The Last Days is a 1998 American documentary film directed by James Moll and produced by June Beallor and Kenneth Lipper; Steven Spielberg, in his role as founder of the Shoah Foundation, was one of the film's executive producers. The film tells the stories of five Hungarian Jews during the Holocaust (also known as the Shoah), focusing on the last year of World War II, when Nazi Germany occupied Hungary and began mass deportations of Jews in the country to concentration and extermination camps, primarily Auschwitz. It depicts the horrors of life in the camps, but also stresses the optimism and perseverance of the survivors.

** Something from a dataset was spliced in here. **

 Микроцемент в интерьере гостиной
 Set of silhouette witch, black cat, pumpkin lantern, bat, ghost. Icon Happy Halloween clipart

The film won the Academy Award for Best Documentary Feature at the 71st Academy Awards. It was remastered and re-released on Netflix on May 19, 2021.

==Content==
The film includes archival footage, photographs, and documents, as well as new interviews with Holocaust survivors Bill Basch, Irene Zisblatt, Renée Firestone, Alice Lok Cahana, Tom Lantos, Randolph Braham, and Dario Gabbai. The filmmakers take the first five of those, who all immigrated to the United States after WWII, back to visit their hometowns and the sites of the camps to which they were sent. Former Representative Lantos (D-CA) was the only Holocaust survivor ever elected to the United States Congress. He was saved by Swedish diplomat Raoul Wallenberg, who hid Lantos in Budapest.

There are also interviews with U.S. army veterans Paul Parks and Katsugo Miho, G.I.'s who helped liberate Dachau concentration camp. Former SS doctor Hans Münch, who was acquitted of war crimes at the Nuremberg trials, is interviewed about his experiences at Auschwitz concentration camp.

==Release==
The Last Days was first released in 1998, and it was remastered and re-released worldwide on Netflix on May 19, 2021. It was produced by June Beallor, Kenneth Lipper, Steven Spielberg, and the Survivors of the Shoah Visual History Foundation.

==Critical response==
The Last Days received positive reviews from film critics. It holds a 92% approval rating on review aggregator website Rotten Tomatoes, based on 24 reviews. On Metacritic, the film has a score of 85 out of 100, based on 25 critics.

According to Radheyan Simonpillai of The Guardian: "The film’s thesis is that the Nazis were so fueled by hatred that they would sacrifice their position in the war in order to carry out the genocide, deporting 438,000 Hungarian Jews to Auschwitz within a six-week period." Roger Ebert wrote for the Chicago Sun-Times that the film "focuses on the last year of the war, when Adolf Hitler, already defeated and with his resources running out, revealed the depth of his racial hatred by diverting men and supplies to the task of exterminating Hungary's Jews." In New York magazine, John Leonard wrote: "It is a story told by five survivors of that fast-forward genocide, all of them naturalized American citizens, who return to the cities and villages from which they were seized, and to the camps to which they were committed."

Marc Savlov of The Austin Chronicle wrote: "Moll's film is a far cry from the elegiac poetry of, say, Night and Fog; it's a document more than an examination, and its power of record is inarguable and incorruptible." Barbara Shulgasser-Parker, former film critic for the San Francisco Examiner, wrote for Common Sense Media that "The horrors described by survivors of the death camps, the soldiers who liberated them, and historians, as well as photographs and archival footage, make this important and educational but best suited to teens and older."